Le congé pathologique peut être accordé à partir de la déclaration de grossesse, et avant les 6 semaines du début du congé prénatal auquel il s'ajoute. Sa durée est de deux semaines (14 jours maximum consécutifs ou non). Il ne peut en revanche être pris après la naissance de votre enfant. Comme un arrêt maladie, le congé pathologique impose de rester à domicile afin de vous reposer jusqu'à l'accouchement. Au-delà des 14 jours de congé pathologique, vous devrez avoir recours à un arrêt maladie si vous ne vous sentez pas bien durant le reste de votre grossesse. 

Peut-on bénéficier d'un congé pathologique en cas de fatigue ?

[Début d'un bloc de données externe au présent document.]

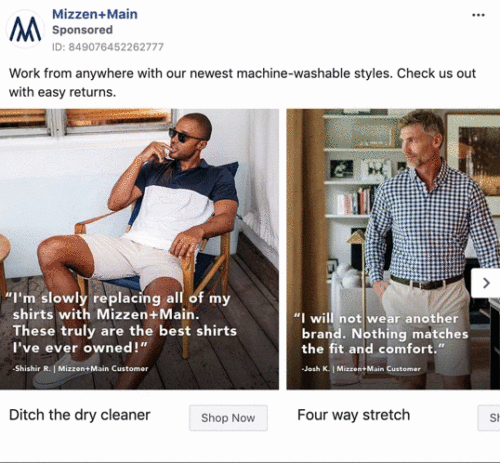 Two men model Mizzen+Main shirts in different settings; one sits casually in sunglasses, the other stands near a window. Customer reviews and product features are displayed below each image.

Les futures mamans se sentent souvent épuisées en fin de grossesse. Mais la fatigue est-elle considérée comme une raison suffisante pour se faire arrêter ? C'est à votre médecin d'évaluer votre état, au cas par cas. Rappelons que le congé pathologique est possible, mais qu'il n'est pas automatiquement accordé. En revanche, si vos symptômes sont anormaux au stade de votre grossesse, et que votre situation nécessite une prise en charge médicale ou un repos forcé, votre médecin pourra prescrire un congé pathologique prénatal. C'est notamment le cas pour les grossesses à risque, pour les futures mamans qui souffrent de diabète, d'hypertension artérielle, en cas de grossesse tardive ou de risque d'accouchement prématuré

En outre, si votre temps de trajet est trop long ou que vos conditions de travail ne sont pas optimales, le congé pathologique peut être accepté par votre médecin ou gynécologue. Dans le cas contraire, n'hésitez pas à consulter la médecine du travail. A défaut, demandez à votre employeur s'il accepterait le télétravail. 

Quelles indemnités pour un congé pathologique ?

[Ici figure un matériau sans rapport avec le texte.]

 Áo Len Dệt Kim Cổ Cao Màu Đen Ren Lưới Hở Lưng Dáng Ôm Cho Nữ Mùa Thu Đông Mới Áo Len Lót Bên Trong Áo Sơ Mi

Le montant des indemnités journalières versé par la Sécurité sociale est calculé de la même manière que le congé maternité. Ainsi, vous continuez de percevoir l'intégralité de votre salaire de base. Le montant est basé sur les trois derniers salaires bruts que vous avez perçus avant la date d'arrêt du travail, et ne peut pas dépasser le plafond mensuel de la sécurité sociale. Par conséquent le montant des indemnités journalières minimum est de 9,39 euros par jour, et au maximum, 86 euros par jour.

Simulateur : comment calculer votre indemnité ?

Combien allez-vous toucher lorsque vous serez en congé maternité ? Pour avoir une idée, l'Assurance Maladie propose un simulateur pratique et rapide, qui calcule pour vous le montant de vos indemnités journalières. Rendez-vous sur le site www.ameli.fr et renseignez votre situation professionnelle, la date du début de votre congé prénatal, ainsi que les salaires bruts des trois mois qui précèdent cette date.

Et le congé pathologique postnatal ?

Notons que la durée du congé maternité peut être modifiée dans certains cas particuliers, après la naissance de l'enfant, en cas d'accouchement ou de césarienne difficile par exemple. Le congé pathologique postnatal peut être prescrit par un médecin, uniquement pour des cas directement liés à l'accouchement. Il dure au maximum 4 semaines et doit être pris en une seule fois, à la suite du congé maternité postnatal de dix semaines. En revanche, contrairement au congé pathologique prénatal, cette fois, les indemnités correspondent à la moitié de votre salaire. Elles peuvent néanmoins être complétées par votre employeur, selon votre convention collective. Renseignez-vous donc auprès de votre entreprise.

En cas d'accouchement prématuré. Si votre enfant naît prématurément, le congé prénatal est écourté et le congé postnatal est rallongé d'autant. Mais une période de repos supplémentaire est prévue si l'enfant naît 6 semaines avant la date d'accouchement prévue, ou qu'une hospitalisation est nécessaire. Dans ce cas, le congé maternité est prolongé : si votre bébé voit le jour une semaine avant le début du congé prénatal, le congé est alors prolongé d'une semaine.

En cas d'accouchement tardif. Le congé prénatal est prolongé jusqu'à la naissance de votre enfant, sans que le repos postnatal ne soit réduit pour autant.